LAMPASAS — County officials are considering the establishment of a County Energy Transportation Reinvestment Zone for continued road improvements throughout the county.
Lampasas Commissioners held a public hearing Monday evening, which was the first step toward applying for CETRZ program funding if they choose to proceed.
CETRZ is a county transportation infrastructure fund grant program of the Texas Department of Transportation.
The program was originally designed to help offset maintenance costs for counties that pursue natural gas and oil production exploration and production facilities but was expanded to include counties that experience roadway damage due to heavy truck traffic.
Although Lampasas County does not produce a lot of gas and oil resources, it is under the inclusion of heavy truck traffic and county officials discussed the need to obtain funding for road repairs.
“As this progressed through TxDOT, it was determined that some counties, like Lampasas, may not have oil and gas explorations, so they redefined (the CERTZ program) and said it could also be used for roads that have any type of heavy truck traffic, and we do have some of that,” County Judge Wayne Boultinghouse said.
Officials identified roads in the eastern and western portions of the county, such as County Road 3300, that are in need of repair.
TxDOT has $450 million designated for infrastructure development to be divided among applicable counties, and half the money, about $224.5 million was allotted for the CERTZ program.
“In my conversations with TxDOT, they told me that if we’re approved, we’re guaranteed no less than $139,839,” County Auditor Chris Munn said.
Munn said the county would need to match any received funds at 20 percent, and the best way to proceed would be to estimate repair costs and identify parcel zones included in the scope of the project.

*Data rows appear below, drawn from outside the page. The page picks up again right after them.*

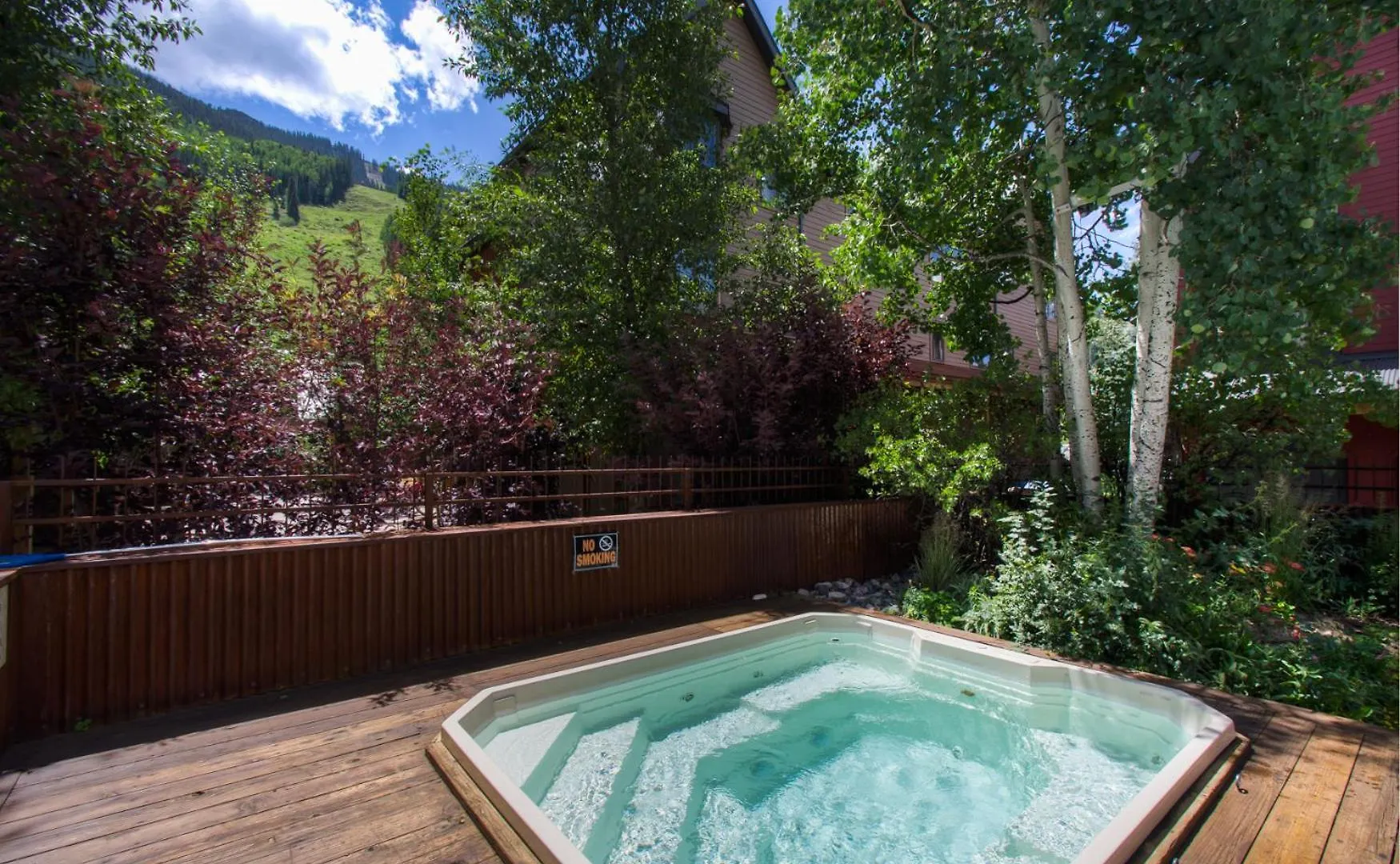 Spacious In Telluride-beautiful West Views! * Telluride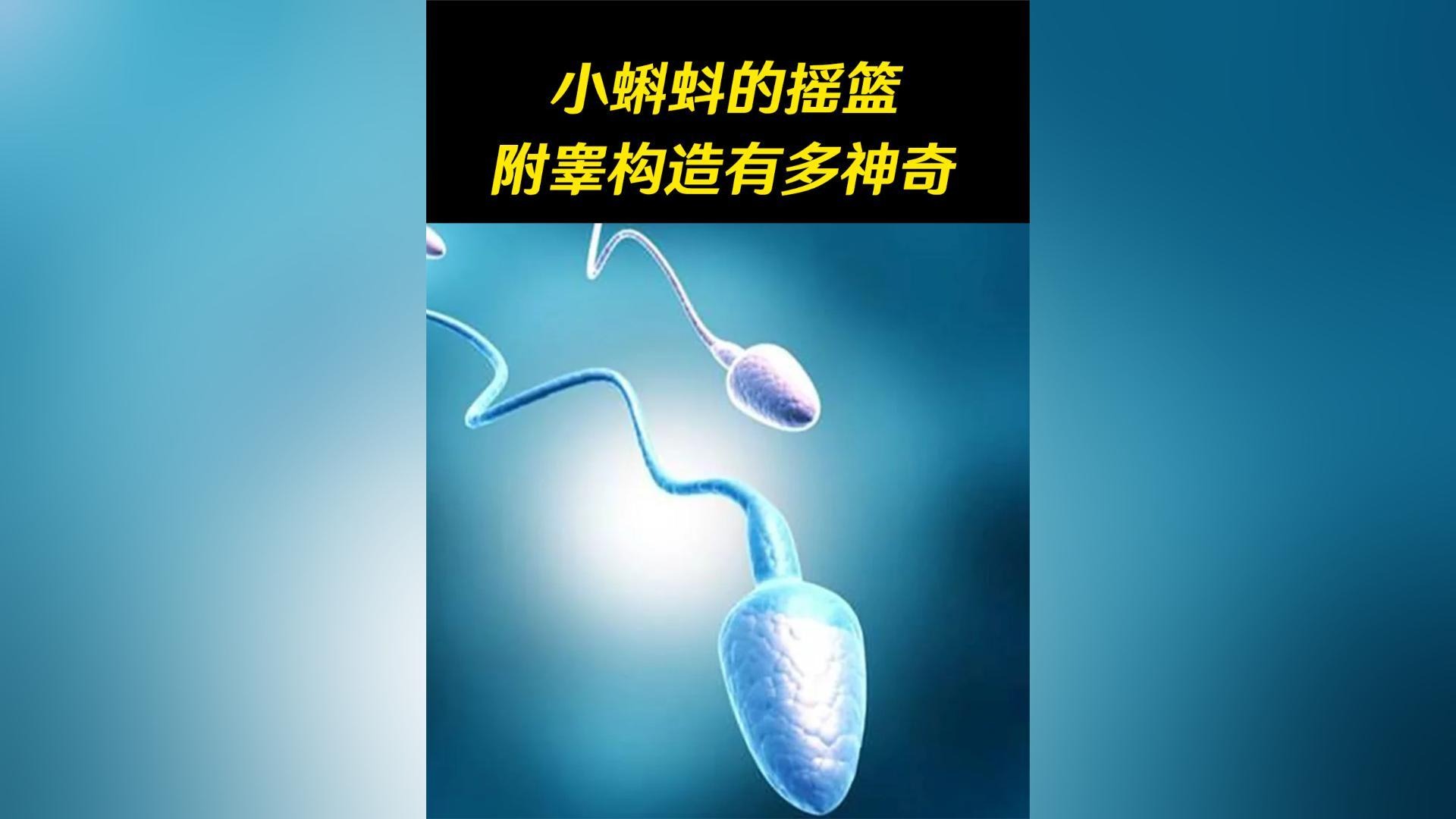 号称“生命的摇篮”，这个不起眼的器官，对男性究竟有多重要？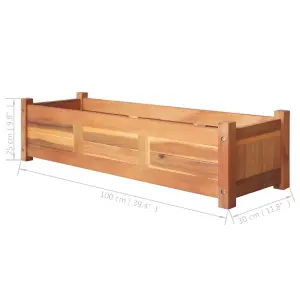 Berkfield Garden Raised Beds 2 pcs Acacia Wood 100x30x25 cm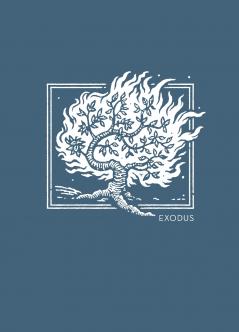 NET Abide Bible Journal - Exodus Paperback Comfort Print | Softcover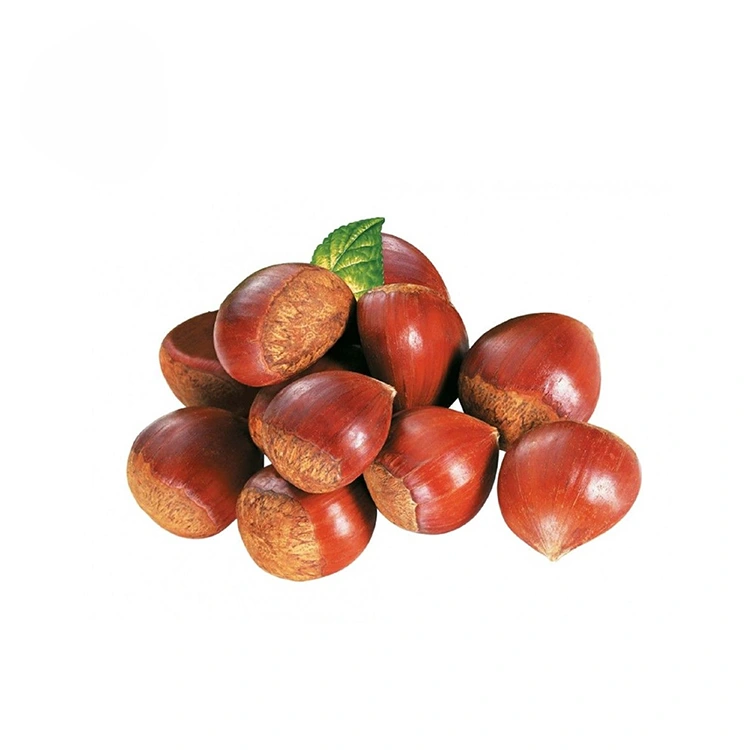 Qastan ta' Kwalità Premium
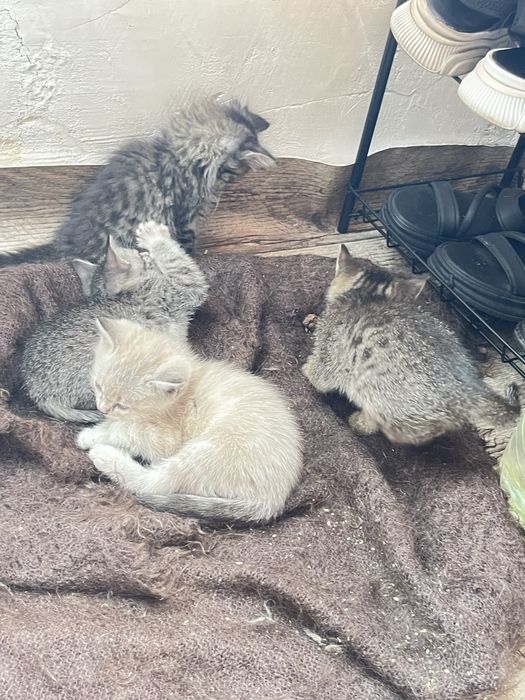 Отдам в хороший руки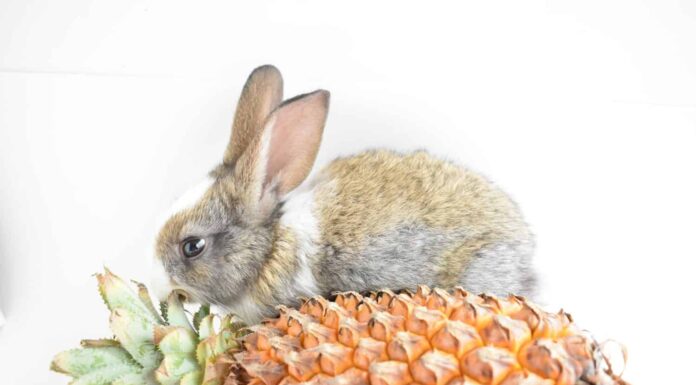 Simpatico coniglietto marrone che gioca con un ananas su sfondo bianco, coniglio pasquale, divertente, buona Pasqua, animale domestico adorabile, casa dolce casa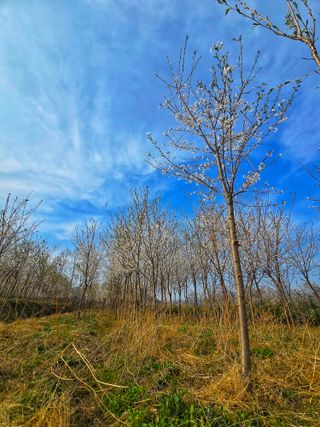 곽노미님의 자유주제 · 자유게시판 작성글 사진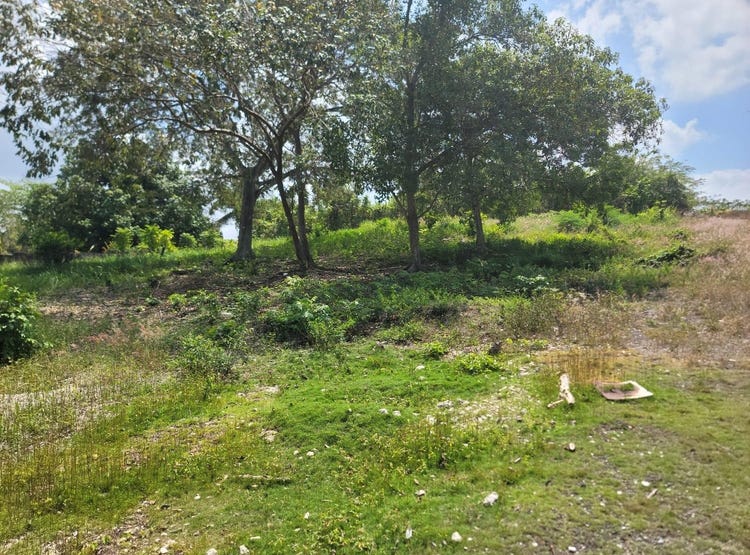 FERRIS, WESTMORLAND, 1279, Westmoreland Parish Land for Sale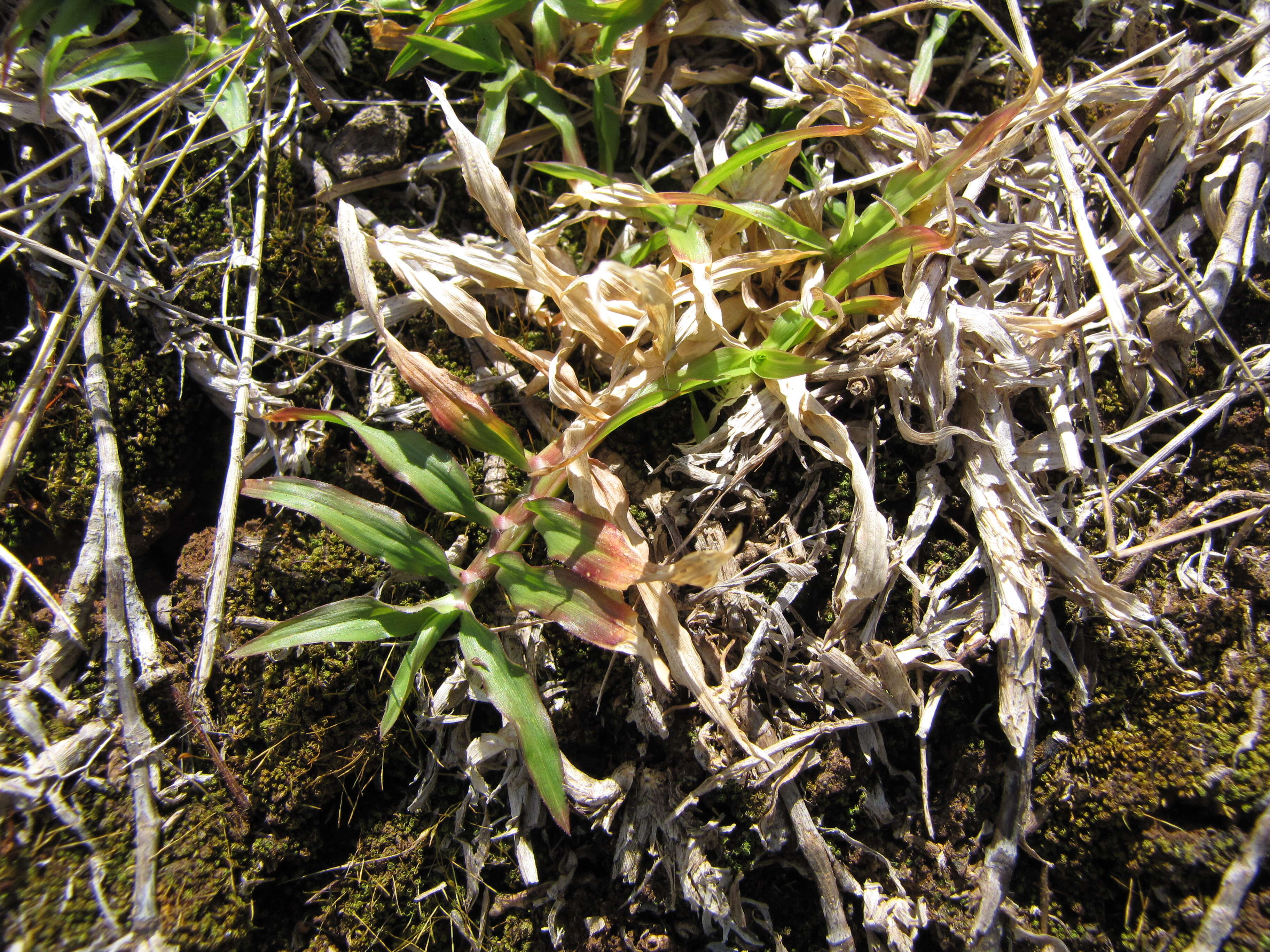 Image of golden false beardgrass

If commissioners decide to submit an application to TxDOT for CERTZ funding, the next step would be to form a five-member advisory committee board of directors. Application guidelines require the board to consist of three oil and gas representatives and two public members.
Munn said the county currently has $28,000 to apply to road projects and advised the project is “very doable.”
During the public hearing, Boultinghouse told officials they have 30 days to decide whether to pursue the project and establish an advisory board. The program application period is Feb. 7-14.